Diluar dari penguasaan atas tanah, Rejim Neoliberal SBY-Boediono juga tidak pernah sama sekali berpikir akan peningkatan teknologi produksi pertanian yang dapat meningkatkan produktivitas pertanian demi kedaulatan pangan yang sekaligus mengikis kesenjangan antara desa dan kota. Pemerintah justru memelihara ketergantungan yang tinggi terhadap modal-modal yang berfungsi mengeksploitasi sumber-sumber agraria tanpa menghubungkannya pada kebutuhan riil rakyat pedesaan. Terang saja dari tahun ke tahun produktivitas pertanian Indonesia selalu mengalami penurunan (hanya menyumbangkan tidak lebih dari 20% PDB Nasional), hingga tidak mampu lagi menciptakan kesejahteraan bagi rakyat pedesaan.

Dalam kondisi ketimpangan dan (sekaligus) ketidakberpihakan kebijakan yang demikian, perlawanan kaum tani dalam mendapatkan hak-hak nya atas sumber agraria khususnya tanah selalu mendapatkan serangan yang membabi-buta dari aparat Negara. Dari Januari hingga September 2011, tercatat 20 rakyat petani Indonesia tewas, 57 luka-luka karena konflik agraria akibat peluru aparat dan pihak keamanan perusahaan. Hal tersebut sama sekali tidak memperlihatkan bahwa Indonesia telah melewati suatu reformasi (1998) yang anti terhadap pembungkaman dan pemberangusan. Sungguh terbuktilah bahwa demokrasi yang digembar gemborkan oleh rezim neoliberal SBY-Boediono hanyalah omong kosong bagi kaum tani.

Berbicara tentang kaum tani tidaklah dapat dipisahkan tentang persoalan yang membelit dan membingkai keberlangsungan negara Indonesia kedepannya. Tatanan Imperialisme dan neoliberalisme akan selalu menyengsarakan kaum tani, buruh dan rakyat Indonesia. Oleh karena itu sudah saatnya kaum tani percaya pada kekuatannya sendiri dan bersatu dengan kelas buruh serta rakyat tertindas. Persatuan ini harus terus didorong hingga menjadi termanifestasikan sebagai kekuatan serta alat perjuangan politik bagi kaum tani, buruh dan rakyat Indonesia.

Dengan alat perjuangan politik tersebut maka kaum tani bersama dengan buruh dan rakyat tertindas lainnya dapat merebut kekuasaan politik dari tangan Rejim Neoliberal.
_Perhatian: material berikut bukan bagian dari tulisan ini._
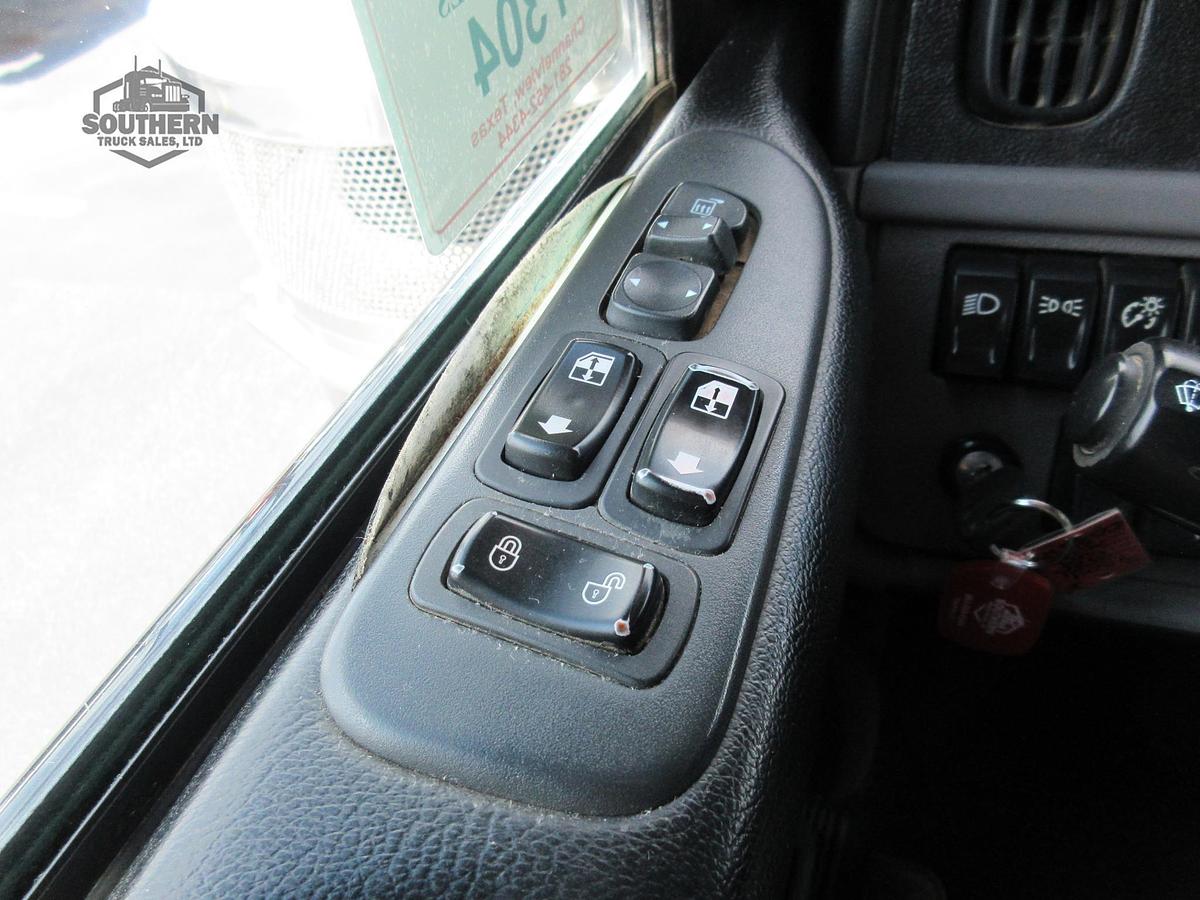 Used 2024 PETERBILT 389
Rejim Neoliberal SBY-Boediono yang telah terbukti gagal dalam memberikan kesejahteraan, perlindungan dan demokrasi bagi kaum tani, buruh dan rakyat tertindas.

Ketika kekuasaan politik berada ditangan kaum tani, buruh dan rakyat tertindas lainnya maka tanah, kesejahteraan dan demokrasi dapat digapai. Dengan kekuasaan politik itu pula maka dapat dibuat kebijakan-kebijakan yang pro kaum tani dan buruh dapat dibuat untuk menyejahterakan rakyat secara keseluruhan. Termasuk didalamnya adalah pertama, melaksanakan pembaruan agrarian sejati untuk keadilan sosial dan kedaulatan pangan, kedua, menyelesaikan konflik-konflik agraria dengan mengutamakan pemulihan hak-hak dan keadilan bagi kaum tani ketiga mengembalikan tanah-tanah rakyat yang sudah rampas oleh rejim dan pemilik modal, keempat memberikan perlindungan terhadap produk pertanian nasional, kelima meningkatkan produktivitas pertanian untuk pemenuhan kebutuhan pangan nasional dengan teknologi dan pertanian kolektif skala besar yang dikelola oleh kaum tani sendiri.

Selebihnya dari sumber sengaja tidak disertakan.